What do Mount Fuji in Japanese culture, the Dome of the Rock on the Temple Mount, Mecca in Islam, and the Black Hills for the Sioux all have in common? They are all examples of a belief in the axis mundi – a perceived center of the world, where Heaven and Earth are connected. This concept is also known by other names, including the ‘world tree’, the ‘world pillar’, and the ‘cosmic axis’.
Since ancient times, many cultures have held the view of their homeland as the center of the world, as it was the center of their known universe. The best example to illustrate this belief is that of the Chinese civilization. In the Chinese language, China is known as 中国, which translates literally as the ‘Middle Kingdom’. In a similar manner, the ancient Egyptians perceived their land as the center of the world, which was ruled by Order, whilst Chaos reigned in the lands beyond their borders.

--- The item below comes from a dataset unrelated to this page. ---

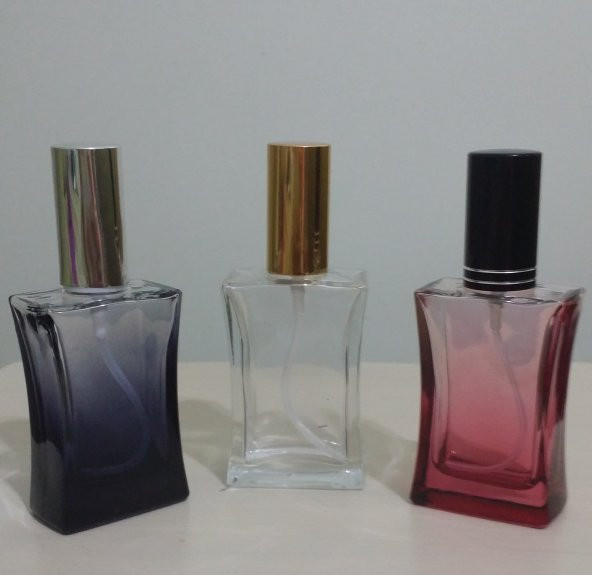 Parfüm Şişesi 50 ml (5Adet) Renkli İçbükey Modeli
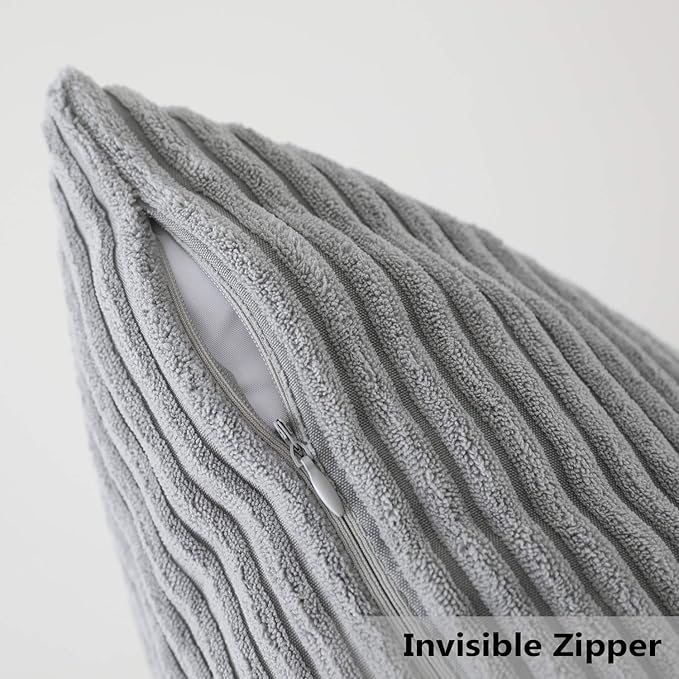Home Brilliant Set of 2 Decorative Pillows Covers for Couch Striped Velvet Sofa Pillows Cover 40x40cm, 16 x 16 Inch, Light Grey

Where Heaven and Earth Meet
Within this realm at the center of the world there is a specific spot where Heaven and Earth has been believed to be connected, or the distance between them has been seen as the smallest. This spot, which is known also as the axis mundi, was often ascribed to an elevated place such as a mountain, due to its symbolic rising to the skies. In the case of the Chinese civilization, for instance, the axis mundi is believed to be the mythological Mount Kunlun, which is regarded in Taoism as the ‘mountain at the middle of the world’.